EXERCISE DETAILS |
From the data below, copy exactly the lines that lie between the one holding "Skechers Arch Fit" and the one holding "Gatuxe Tastatur ersetzen, einfache", including both, and nothing more.

SOURCE MATERIAL |
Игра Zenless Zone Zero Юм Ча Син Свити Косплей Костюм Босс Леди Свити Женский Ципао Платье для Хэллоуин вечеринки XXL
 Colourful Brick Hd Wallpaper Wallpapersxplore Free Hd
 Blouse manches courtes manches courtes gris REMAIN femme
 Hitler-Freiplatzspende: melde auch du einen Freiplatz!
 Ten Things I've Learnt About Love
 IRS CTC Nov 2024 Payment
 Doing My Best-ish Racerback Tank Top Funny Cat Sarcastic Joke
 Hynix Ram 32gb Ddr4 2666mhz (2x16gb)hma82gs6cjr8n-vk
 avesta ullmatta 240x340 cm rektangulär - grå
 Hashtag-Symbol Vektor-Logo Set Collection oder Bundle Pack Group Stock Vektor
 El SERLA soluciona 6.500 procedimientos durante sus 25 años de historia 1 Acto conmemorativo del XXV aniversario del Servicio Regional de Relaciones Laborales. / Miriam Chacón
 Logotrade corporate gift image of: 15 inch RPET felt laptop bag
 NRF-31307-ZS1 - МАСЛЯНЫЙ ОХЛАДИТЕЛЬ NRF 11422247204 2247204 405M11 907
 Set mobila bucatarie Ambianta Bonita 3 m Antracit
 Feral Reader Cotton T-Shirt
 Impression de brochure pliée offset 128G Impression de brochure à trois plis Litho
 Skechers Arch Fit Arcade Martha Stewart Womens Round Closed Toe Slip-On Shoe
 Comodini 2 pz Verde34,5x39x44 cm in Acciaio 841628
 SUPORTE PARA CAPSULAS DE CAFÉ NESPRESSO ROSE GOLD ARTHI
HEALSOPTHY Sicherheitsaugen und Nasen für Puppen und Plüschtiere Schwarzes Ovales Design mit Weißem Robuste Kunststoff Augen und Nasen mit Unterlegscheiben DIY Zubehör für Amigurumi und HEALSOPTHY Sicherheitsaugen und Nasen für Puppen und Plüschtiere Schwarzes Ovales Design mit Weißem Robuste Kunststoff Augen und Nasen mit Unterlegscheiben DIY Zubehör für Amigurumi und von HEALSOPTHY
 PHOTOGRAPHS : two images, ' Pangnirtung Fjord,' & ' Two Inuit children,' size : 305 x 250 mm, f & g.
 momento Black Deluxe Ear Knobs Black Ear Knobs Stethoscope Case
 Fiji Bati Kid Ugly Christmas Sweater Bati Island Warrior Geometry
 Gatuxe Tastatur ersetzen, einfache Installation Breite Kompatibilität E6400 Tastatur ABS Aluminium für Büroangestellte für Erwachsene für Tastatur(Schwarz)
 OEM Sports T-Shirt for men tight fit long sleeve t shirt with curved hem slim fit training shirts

TASK OUTPUT |
 Skechers Arch Fit Arcade Martha Stewart Womens Round Closed Toe Slip-On Shoe
 Comodini 2 pz Verde34,5x39x44 cm in Acciaio 841628
 SUPORTE PARA CAPSULAS DE CAFÉ NESPRESSO ROSE GOLD ARTHI
HEALSOPTHY Sicherheitsaugen und Nasen für Puppen und Plüschtiere Schwarzes Ovales Design mit Weißem Robuste Kunststoff Augen und Nasen mit Unterlegscheiben DIY Zubehör für Amigurumi und HEALSOPTHY Sicherheitsaugen und Nasen für Puppen und Plüschtiere Schwarzes Ovales Design mit Weißem Robuste Kunststoff Augen und Nasen mit Unterlegscheiben DIY Zubehör für Amigurumi und von HEALSOPTHY
 PHOTOGRAPHS : two images, ' Pangnirtung Fjord,' & ' Two Inuit children,' size : 305 x 250 mm, f & g.
 momento Black Deluxe Ear Knobs Black Ear Knobs Stethoscope Case
 Fiji Bati Kid Ugly Christmas Sweater Bati Island Warrior Geometry
 Gatuxe Tastatur ersetzen, einfache Installation Breite Kompatibilität E6400 Tastatur ABS Aluminium für Büroangestellte für Erwachsene für Tastatur(Schwarz)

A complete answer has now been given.